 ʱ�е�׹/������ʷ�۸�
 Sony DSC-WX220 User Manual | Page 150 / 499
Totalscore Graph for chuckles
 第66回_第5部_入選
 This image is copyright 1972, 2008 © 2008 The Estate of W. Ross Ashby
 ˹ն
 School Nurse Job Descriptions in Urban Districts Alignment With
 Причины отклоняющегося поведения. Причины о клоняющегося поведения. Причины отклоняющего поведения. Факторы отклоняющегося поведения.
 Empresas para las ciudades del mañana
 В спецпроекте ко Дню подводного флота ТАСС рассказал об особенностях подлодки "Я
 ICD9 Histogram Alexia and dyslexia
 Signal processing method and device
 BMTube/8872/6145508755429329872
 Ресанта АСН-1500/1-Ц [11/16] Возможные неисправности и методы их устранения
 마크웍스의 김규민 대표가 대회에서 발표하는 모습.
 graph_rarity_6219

• • •

**Task requirements**
Every line of the material must be given again exactly.

**Response box**
 ʱ�е�׹/������ʷ�۸�
 Sony DSC-WX220 User Manual | Page 150 / 499
Totalscore Graph for chuckles
 第66回_第5部_入選
 This image is copyright 1972, 2008 © 2008 The Estate of W. Ross Ashby
 ˹ն
 School Nurse Job Descriptions in Urban Districts Alignment With
 Причины отклоняющегося поведения. Причины о клоняющегося поведения. Причины отклоняющего поведения. Факторы отклоняющегося поведения.
 Empresas para las ciudades del mañana
 В спецпроекте ко Дню подводного флота ТАСС рассказал об особенностях подлодки "Я
 ICD9 Histogram Alexia and dyslexia
 Signal processing method and device
 BMTube/8872/6145508755429329872
 Ресанта АСН-1500/1-Ц [11/16] Возможные неисправности и методы их устранения
 마크웍스의 김규민 대표가 대회에서 발표하는 모습.
 graph_rarity_6219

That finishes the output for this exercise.